Using explanations for finding bias in black-box models

There is no doubt, that machine learning (ML) models are being used for solving several business and even social problems. Every year, ML algorithms are getting more accurate, more innovative and consequently, more applicable to a wider range of applications. From detecting cancer   to banking and self-driving cars,  the list of ML applications is never ending.

However, as the predictive accuracy of ML models is getting better, the explainability of such models is seemingly getting weaker. Their intricate and obscure inner structure forces us more often than not to treat them as “black-boxes”, that is, getting their predictions in a no-questions-asked policy. Common “black-boxes” are Artificial Neural Networks (ANNs), ensemble methods. However seemingly interpretable models can be rendered unexplainable, like Decision Trees for instance when they have a big depth.

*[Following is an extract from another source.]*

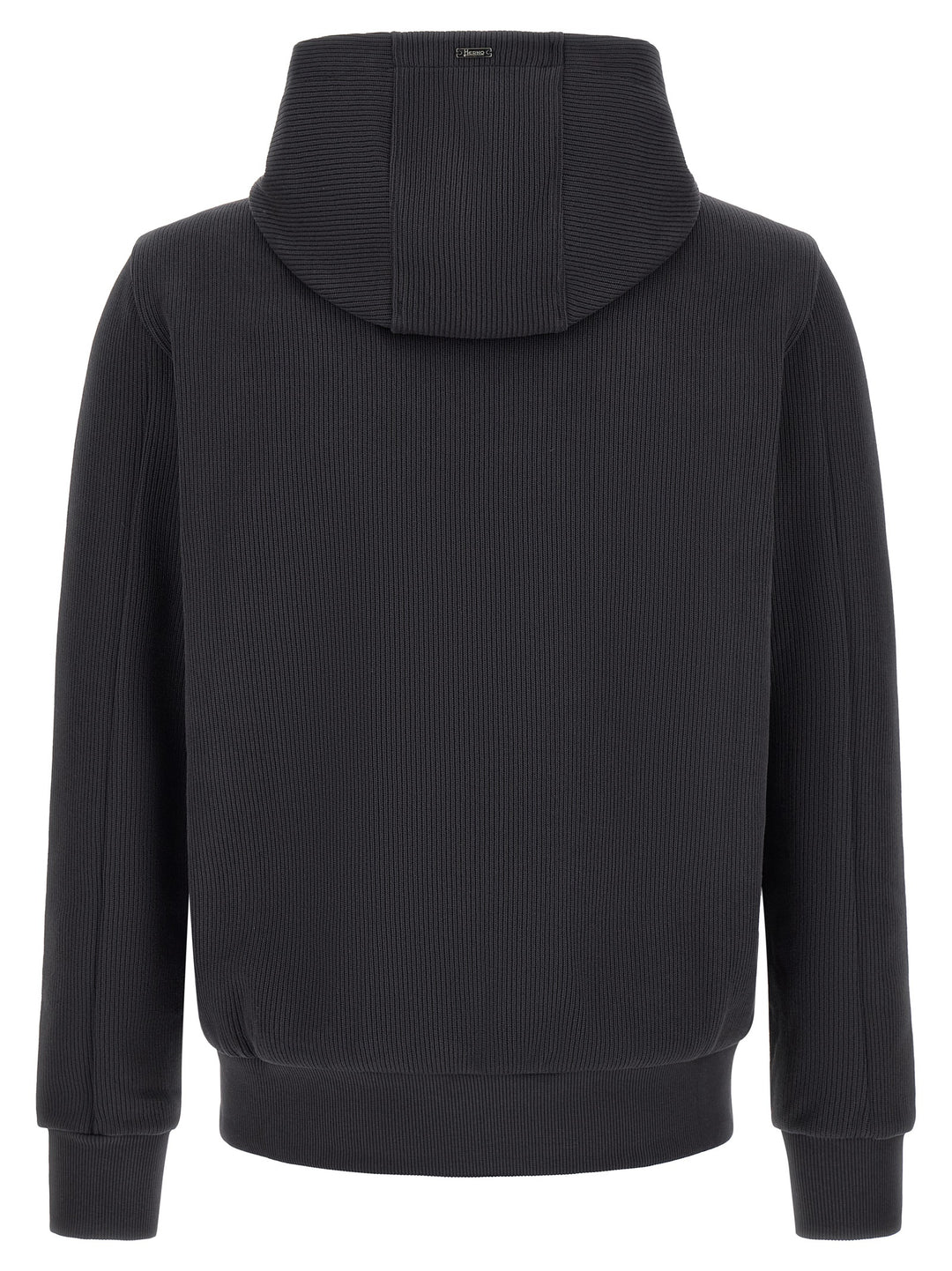 Herno Blue Cotton Shell Jacket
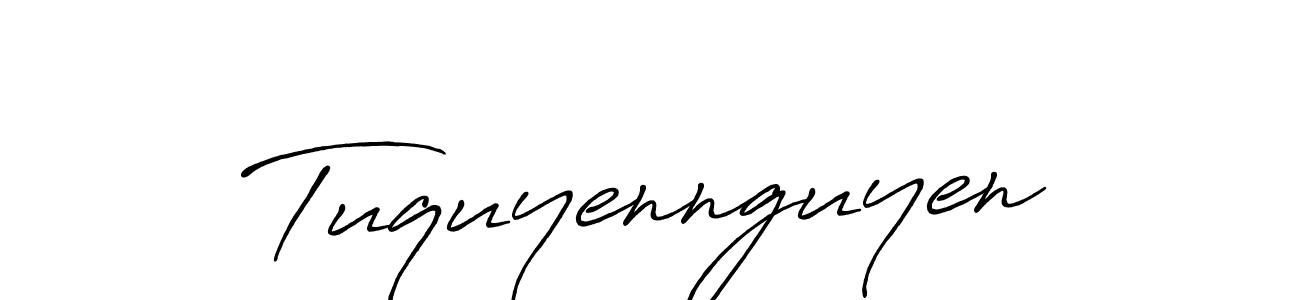 It looks lik you need a new signature style for name Tuquyennguyen. Design unique handwritten (Antro_Vectra_Bolder) signature with our free signature maker in just a few clicks. Tuquyennguyen signature style 7 images and pictures png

Neural Networks, Ensemble methods and most of the recent ML models behave like black-boxes

The need to shed a light into the obscurity of the “black-box” models is evident: GDPR’s article 15 and 22 (2018), OECD AI principles (2019) and Senate’s of the USA Algorithmic Accountability Act bill (2019) are some examples which indicate that ML Interpretability, along with ML Accountability and Fairness, have already (or should) become integral characteristics for any application that makes automated decisions.

Since many organizations will be obliged to provide explanations about the decisions of their automated predictive models, there will be a serious need for third-party organizations to  perform the interpretability tasks and audit those models on their behalf. This provides an additional level of integrity and objectivity to the whole audit process, as the explanations are provided by an external factor.  Moreover, not every organization (especially startups) has the resources to deal with interpretability issues, rendering third-party auditors necessary.

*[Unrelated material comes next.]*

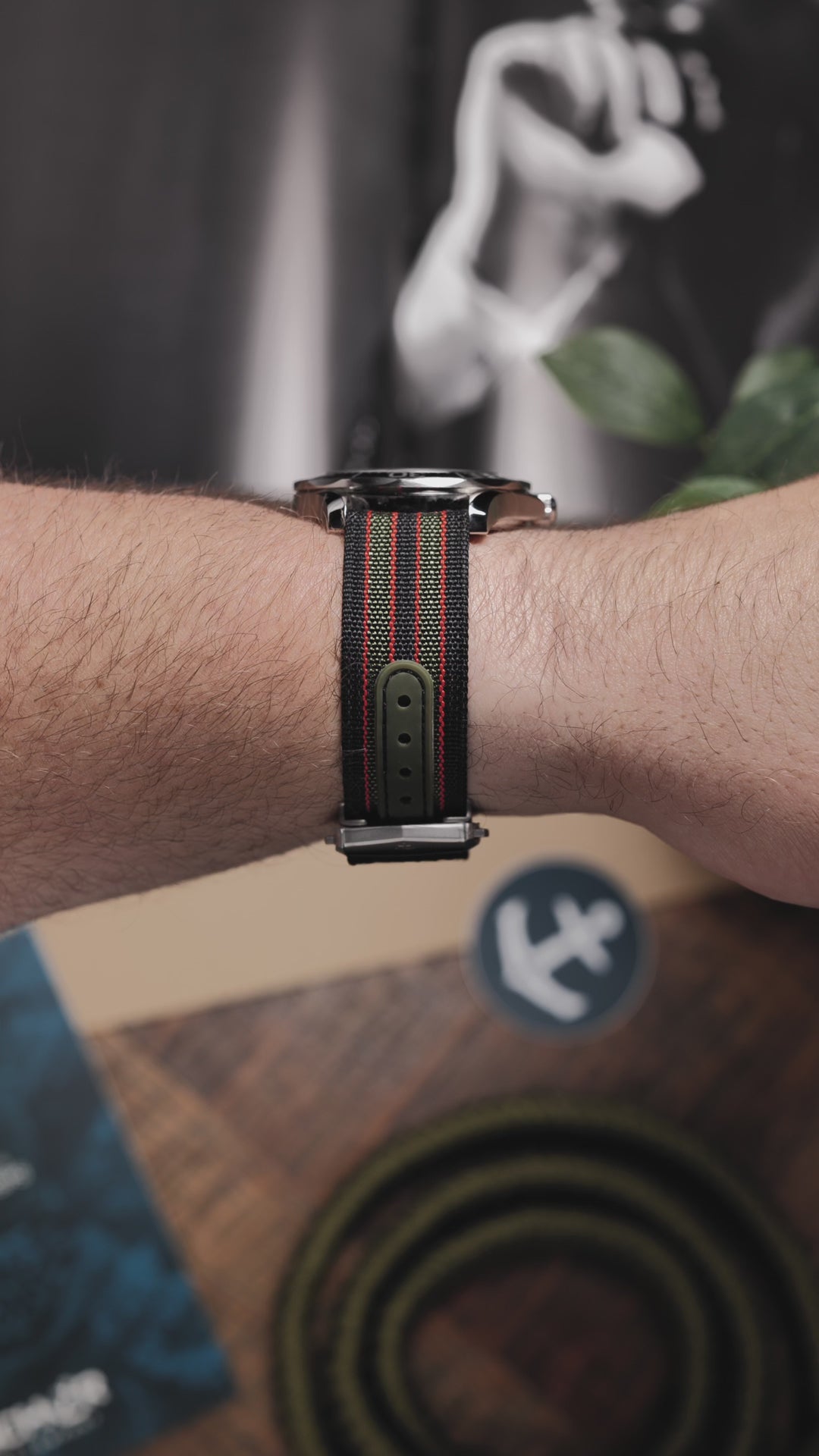Deployant Nylon Strap MkIII - Goldfinger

However, in this manner intellectual property issues arise, since organizations will not want to disclose any information about the details of their model. Therefore, from the wide range of interpretability methods, the model-agnostic approaches  (i.e. methods that are oblivious of the model’s details) are deemed to be appropriate for this purpose.

Besides explaining the predictions of a black-box model, interpretability can also provide us with insight about erroneous behavior of our models, which may be caused by undesired patterns in our data.   We will examine an example, where interpretability helps us identify  gender bias in our data, using a model-agnostic method, which utilizes surrogate models and Shapley values.

We use the “Default of Credit Card Clients Dataset”, which contains information (demographic factors, credit data, history of payment, and bill statements) about 30,000 credit card clients in Taiwan  from April 2005 to September 2005. The target of the models in our examples is to identify the defaulters (i.e. bank customers, who will not pay the next payment of their credit card).

Gender biased data

The existence of biased datasets is not uncommon. It can be caused from false preprocessing or even from collecting from a poor data source, creating skewed and tainted samples.  Examining the reasons behind a model’s prediction, may inform us about possible bias in the data.


Defaulters based on Gender: The red and blue bars represent the original distributions of female and male customers, while the purple one depicts the new constructed biased distribution of male customers.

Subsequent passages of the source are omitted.